In the listing below, find the line containing "Utility sink area" and the line containing "Neutral walls, carpeting, recessed". Repeat exactly those two lines and every line between them.

---- GIVEN INFORMATION

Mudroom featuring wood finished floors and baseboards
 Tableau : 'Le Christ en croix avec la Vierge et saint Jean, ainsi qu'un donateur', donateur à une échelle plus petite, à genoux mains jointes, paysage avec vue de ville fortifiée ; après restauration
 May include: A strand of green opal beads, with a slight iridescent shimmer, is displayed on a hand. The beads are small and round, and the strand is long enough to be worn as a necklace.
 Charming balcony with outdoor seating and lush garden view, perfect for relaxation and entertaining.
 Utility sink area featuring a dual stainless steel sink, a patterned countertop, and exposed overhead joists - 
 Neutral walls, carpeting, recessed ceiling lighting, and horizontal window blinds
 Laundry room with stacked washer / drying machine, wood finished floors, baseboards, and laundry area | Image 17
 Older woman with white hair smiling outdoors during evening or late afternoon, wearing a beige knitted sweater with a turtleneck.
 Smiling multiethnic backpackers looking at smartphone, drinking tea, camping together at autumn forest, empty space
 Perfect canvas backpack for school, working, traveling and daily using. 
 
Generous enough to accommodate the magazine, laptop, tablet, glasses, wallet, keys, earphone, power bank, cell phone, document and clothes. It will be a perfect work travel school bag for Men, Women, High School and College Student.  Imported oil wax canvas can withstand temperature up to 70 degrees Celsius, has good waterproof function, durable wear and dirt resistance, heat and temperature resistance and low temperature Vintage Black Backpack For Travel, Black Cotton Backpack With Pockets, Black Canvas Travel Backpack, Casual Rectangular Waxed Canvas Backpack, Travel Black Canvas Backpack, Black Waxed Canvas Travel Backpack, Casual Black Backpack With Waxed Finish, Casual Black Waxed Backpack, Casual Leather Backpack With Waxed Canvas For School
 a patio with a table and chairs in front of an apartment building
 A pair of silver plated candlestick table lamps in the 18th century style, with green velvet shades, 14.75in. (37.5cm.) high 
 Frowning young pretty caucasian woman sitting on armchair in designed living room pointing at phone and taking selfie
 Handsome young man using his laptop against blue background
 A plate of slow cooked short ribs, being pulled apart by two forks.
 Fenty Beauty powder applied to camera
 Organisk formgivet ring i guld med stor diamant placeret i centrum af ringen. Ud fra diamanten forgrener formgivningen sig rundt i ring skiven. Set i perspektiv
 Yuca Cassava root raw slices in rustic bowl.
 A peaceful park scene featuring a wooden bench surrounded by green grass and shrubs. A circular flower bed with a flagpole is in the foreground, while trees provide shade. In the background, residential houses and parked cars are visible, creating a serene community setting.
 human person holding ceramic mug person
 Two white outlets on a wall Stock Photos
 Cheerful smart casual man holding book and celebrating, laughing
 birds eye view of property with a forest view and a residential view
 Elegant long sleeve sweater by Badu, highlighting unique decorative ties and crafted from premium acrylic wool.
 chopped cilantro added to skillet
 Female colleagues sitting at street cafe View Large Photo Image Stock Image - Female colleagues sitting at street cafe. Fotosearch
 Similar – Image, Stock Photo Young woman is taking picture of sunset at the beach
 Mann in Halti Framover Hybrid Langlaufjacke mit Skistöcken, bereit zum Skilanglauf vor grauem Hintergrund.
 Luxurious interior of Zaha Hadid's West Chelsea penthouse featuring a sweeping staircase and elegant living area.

--------

RESULT OF THE TASK:
 Utility sink area featuring a dual stainless steel sink, a patterned countertop, and exposed overhead joists - 
 Neutral walls, carpeting, recessed ceiling lighting, and horizontal window blinds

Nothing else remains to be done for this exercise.